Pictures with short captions
○ ○ ○ ○ ○
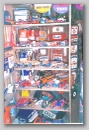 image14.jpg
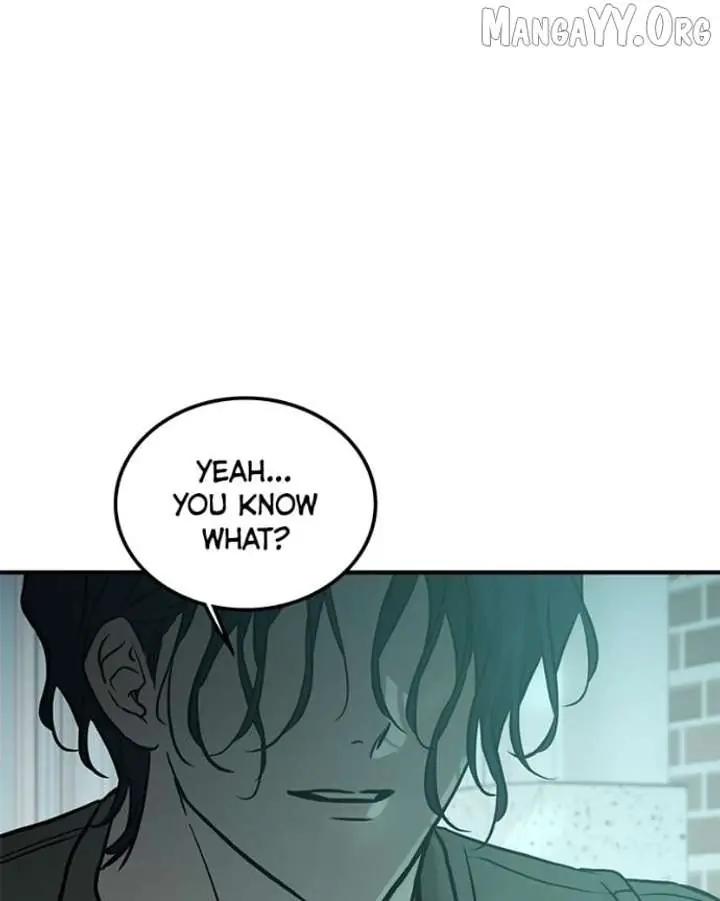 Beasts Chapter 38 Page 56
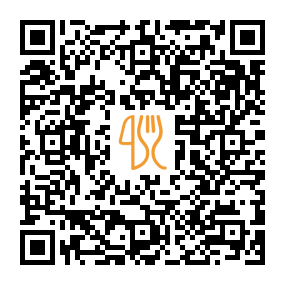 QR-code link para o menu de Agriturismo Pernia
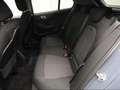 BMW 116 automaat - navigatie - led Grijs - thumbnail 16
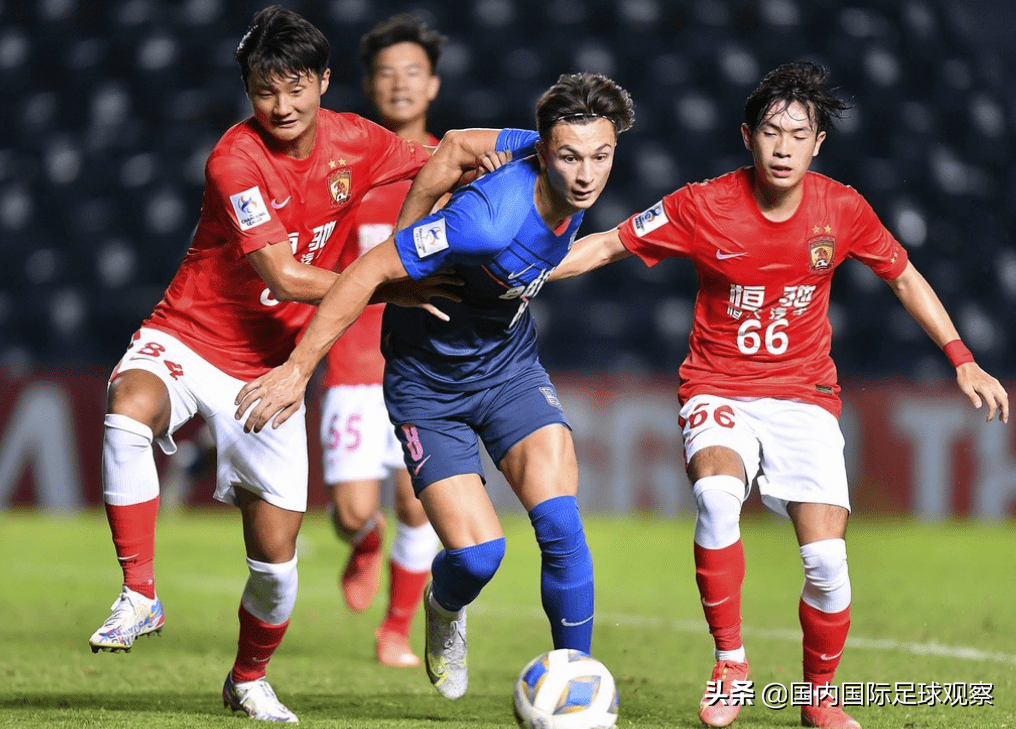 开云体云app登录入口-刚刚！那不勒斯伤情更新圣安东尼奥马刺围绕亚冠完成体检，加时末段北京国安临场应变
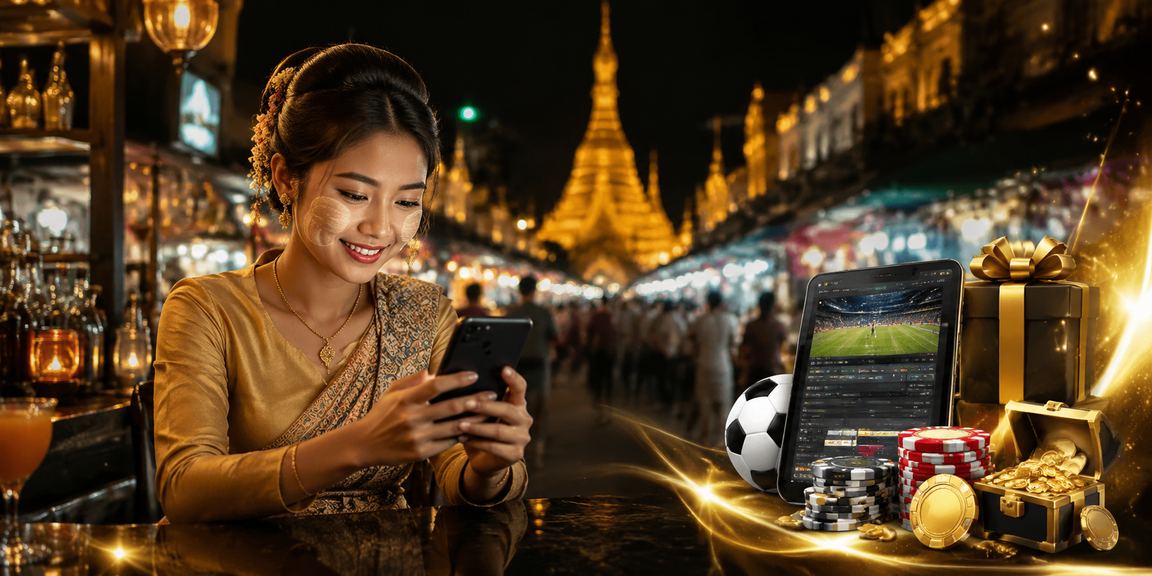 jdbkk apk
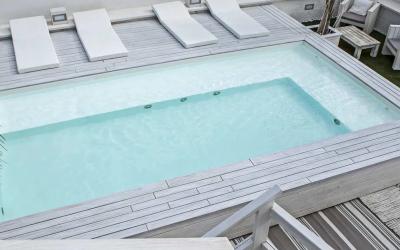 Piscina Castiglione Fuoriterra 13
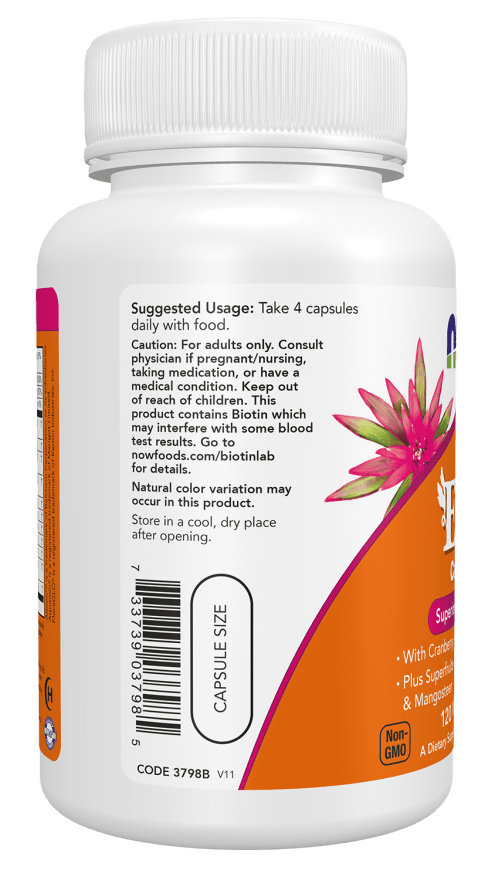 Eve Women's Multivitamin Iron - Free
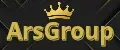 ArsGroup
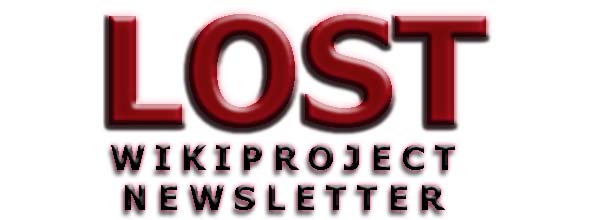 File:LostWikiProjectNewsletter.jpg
○ ○ ○ ○ ○
**DIRECTIONS FOR THIS TASK:**
Each entry gets copied exactly; the pictures stay out.

**OUTPUT OF THE EXERCISE:**
 image14.jpg
 Beasts Chapter 38 Page 56
 QR-code link para o menu de Agriturismo Pernia
 BMW 116 automaat - navigatie - led Grijs - thumbnail 16
 开云体云app登录入口-刚刚！那不勒斯伤情更新圣安东尼奥马刺围绕亚冠完成体检，加时末段北京国安临场应变
 jdbkk apk
 Piscina Castiglione Fuoriterra 13
 Eve Women's Multivitamin Iron - Free
 ArsGroup
 File:LostWikiProjectNewsletter.jpg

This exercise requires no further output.